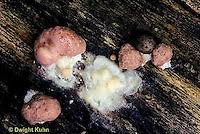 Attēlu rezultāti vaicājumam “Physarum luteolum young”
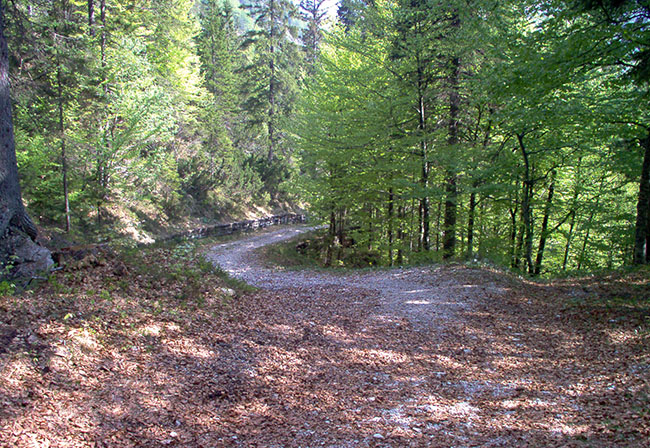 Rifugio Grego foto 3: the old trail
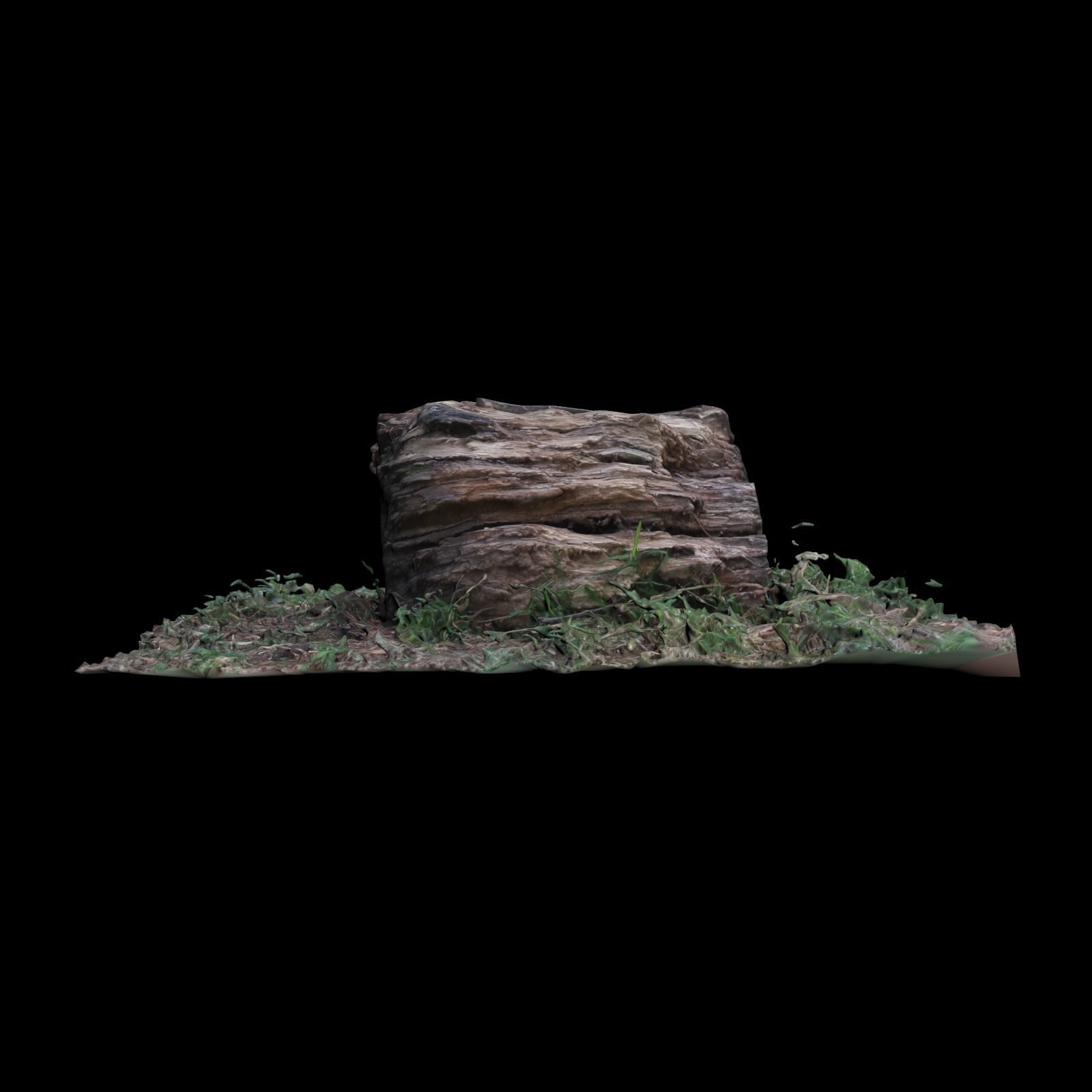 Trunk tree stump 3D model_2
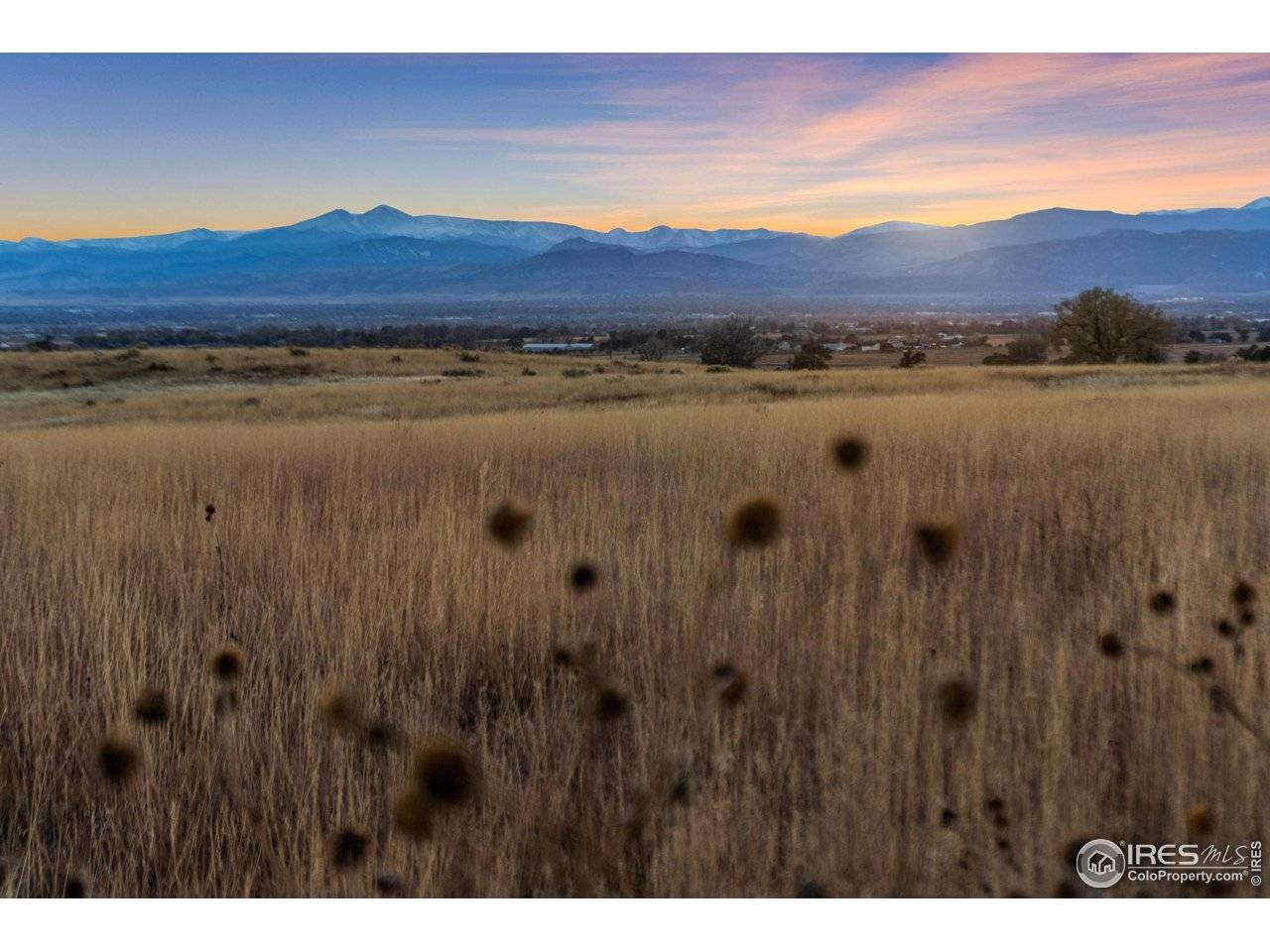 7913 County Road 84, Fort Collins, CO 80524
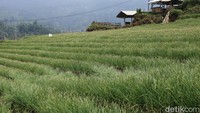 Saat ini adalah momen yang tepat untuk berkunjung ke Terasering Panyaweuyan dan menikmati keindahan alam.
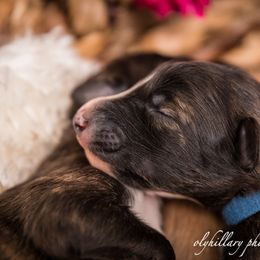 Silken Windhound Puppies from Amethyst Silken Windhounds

■ ■ ■ ■ ■ ■ ■

* Problem to solve *
When you copy the data, keep every line exact and drop the pictures.

* Solution to this task *
 Attēlu rezultāti vaicājumam “Physarum luteolum young”
 Rifugio Grego foto 3: the old trail
 Trunk tree stump 3D model_2
 7913 County Road 84, Fort Collins, CO 80524
 Saat ini adalah momen yang tepat untuk berkunjung ke Terasering Panyaweuyan dan menikmati keindahan alam.
 Silken Windhound Puppies from Amethyst Silken Windhounds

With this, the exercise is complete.